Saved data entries
◇ ◇ ◇
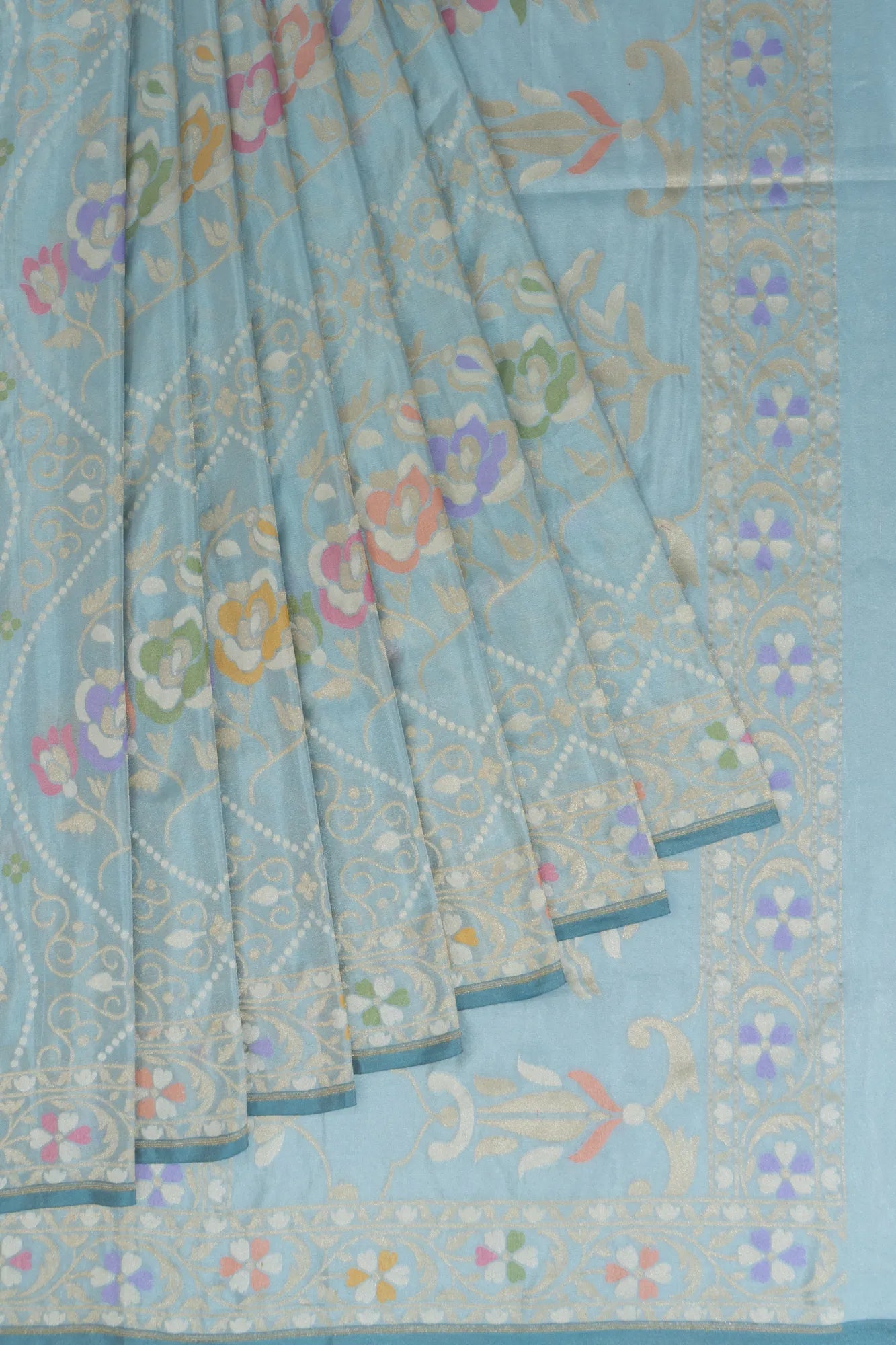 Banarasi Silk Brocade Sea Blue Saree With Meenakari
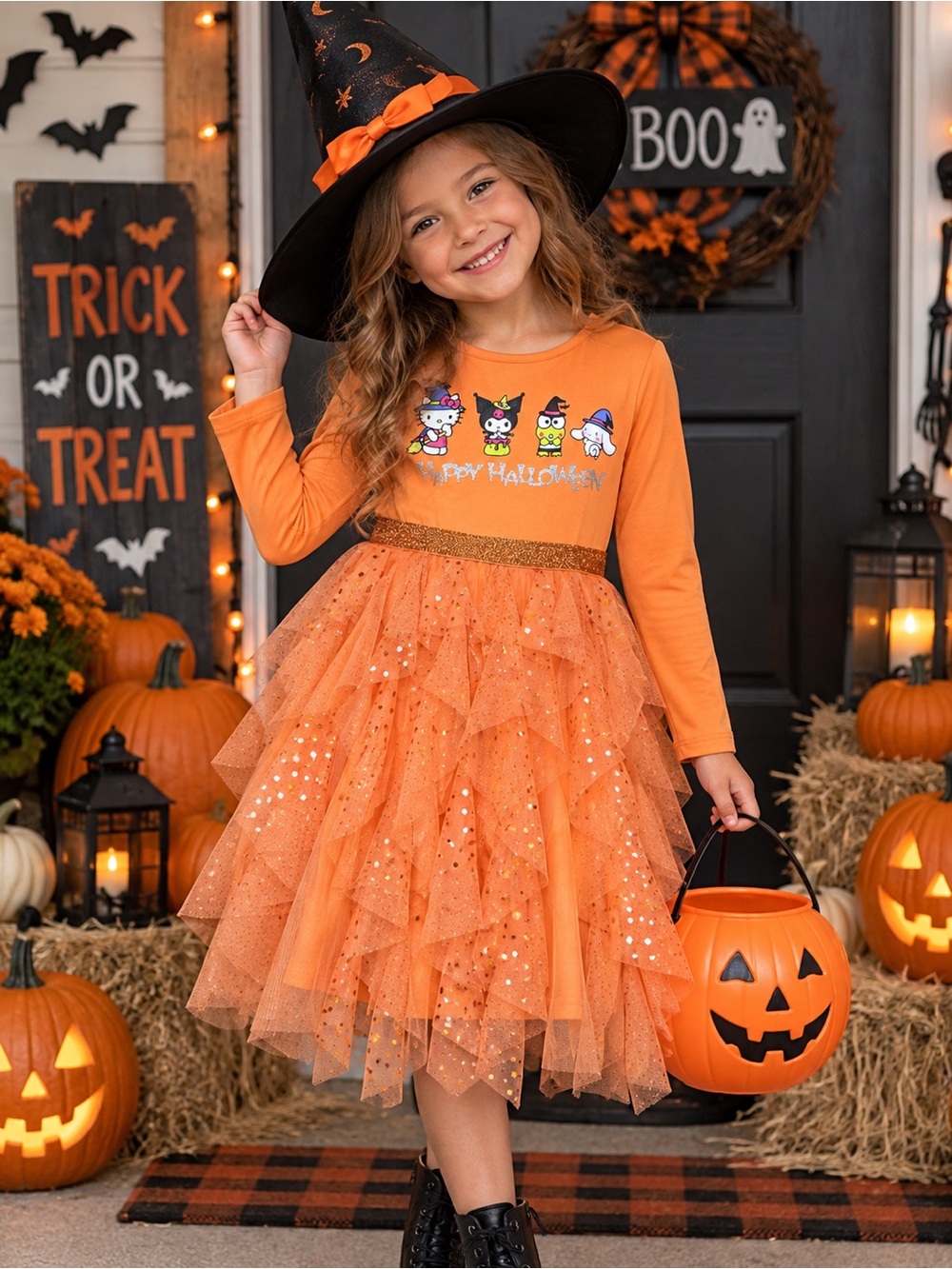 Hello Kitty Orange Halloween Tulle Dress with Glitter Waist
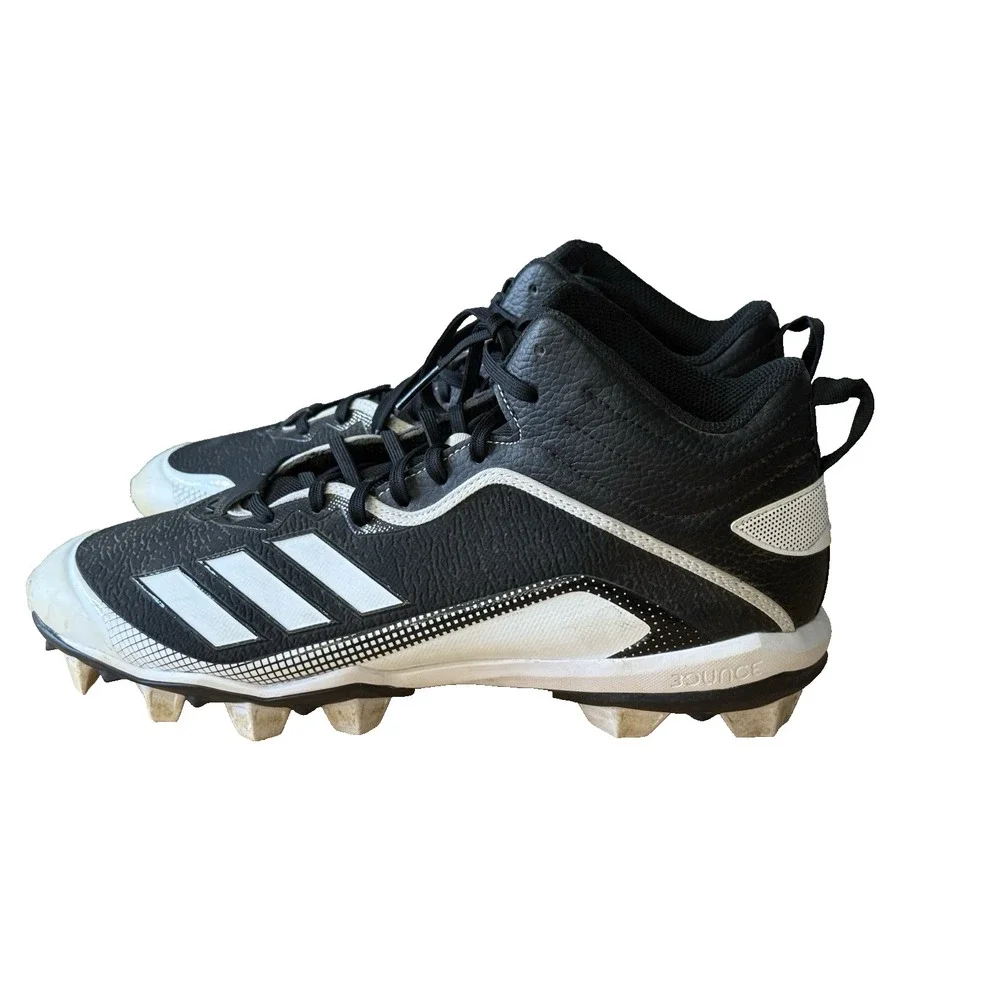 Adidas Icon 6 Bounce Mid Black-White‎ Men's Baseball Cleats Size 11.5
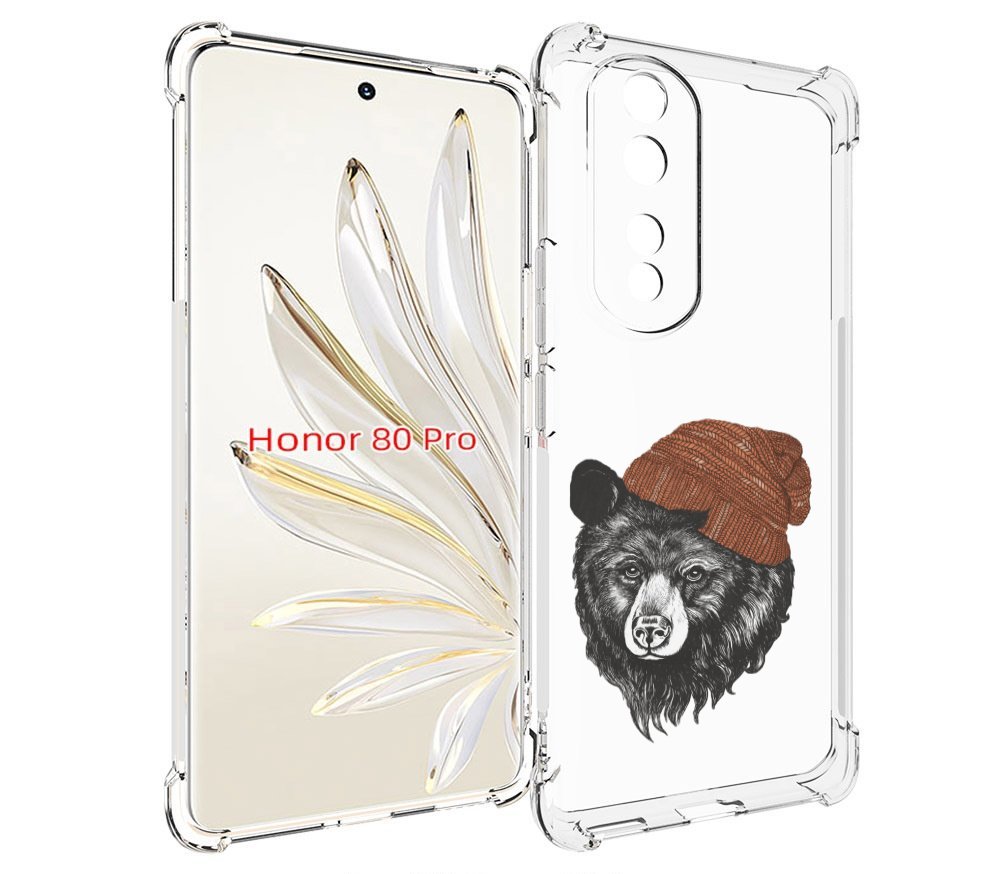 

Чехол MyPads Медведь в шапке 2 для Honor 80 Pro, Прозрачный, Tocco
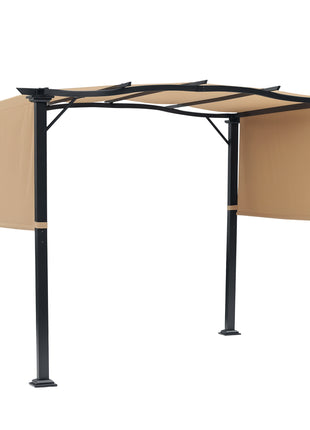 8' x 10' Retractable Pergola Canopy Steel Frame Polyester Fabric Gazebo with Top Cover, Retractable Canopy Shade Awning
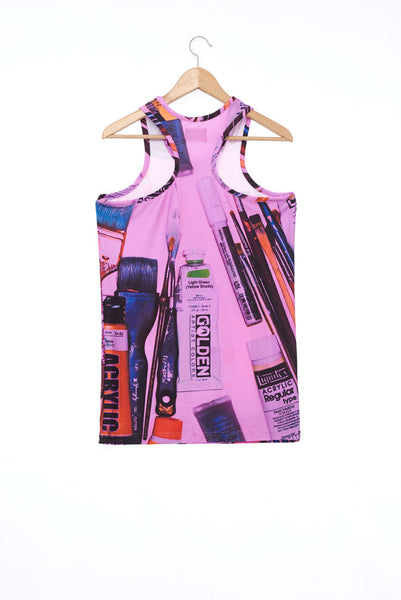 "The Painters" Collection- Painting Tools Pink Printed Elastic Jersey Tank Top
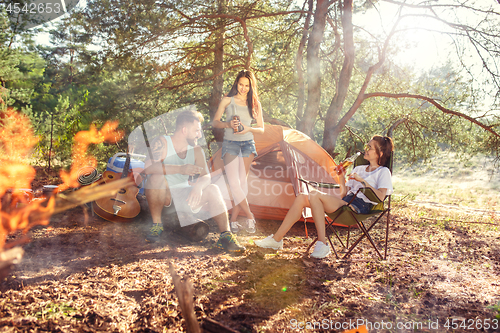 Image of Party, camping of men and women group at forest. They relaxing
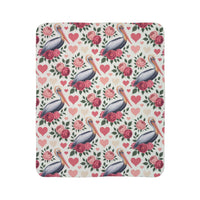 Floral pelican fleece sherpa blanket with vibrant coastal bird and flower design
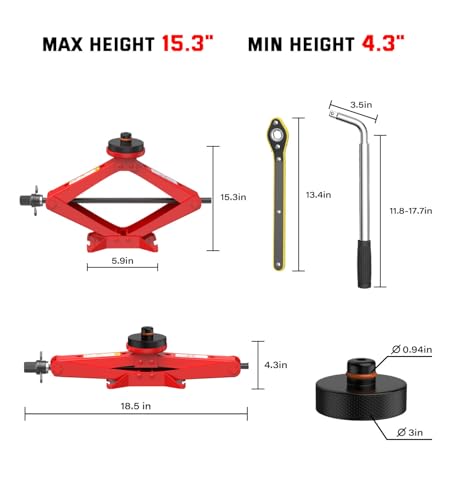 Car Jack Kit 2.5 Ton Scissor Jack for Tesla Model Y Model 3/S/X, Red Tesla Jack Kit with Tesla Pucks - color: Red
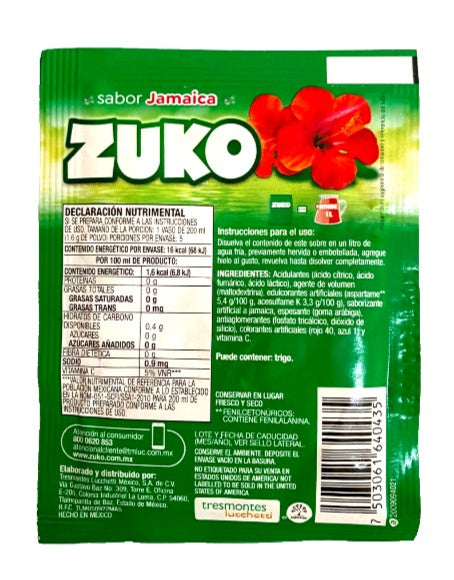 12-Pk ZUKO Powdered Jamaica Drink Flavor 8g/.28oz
◇ ◇ ◇
### EXERCISE REQUIREMENTS
Give back word for word the lines from the one containing "Jersey Tank Top" through the final line of the data above. Pictures are to be left out.

### RESPONSE BELOW
 "The Painters" Collection- Painting Tools Pink Printed Elastic Jersey Tank Top
 Image of Party, camping of men and women group at forest. They relaxing
 Floral pelican fleece sherpa blanket with vibrant coastal bird and flower design
 Car Jack Kit 2.5 Ton Scissor Jack for Tesla Model Y Model 3/S/X, Red Tesla Jack Kit with Tesla Pucks - color: Red
 12-Pk ZUKO Powdered Jamaica Drink Flavor 8g/.28oz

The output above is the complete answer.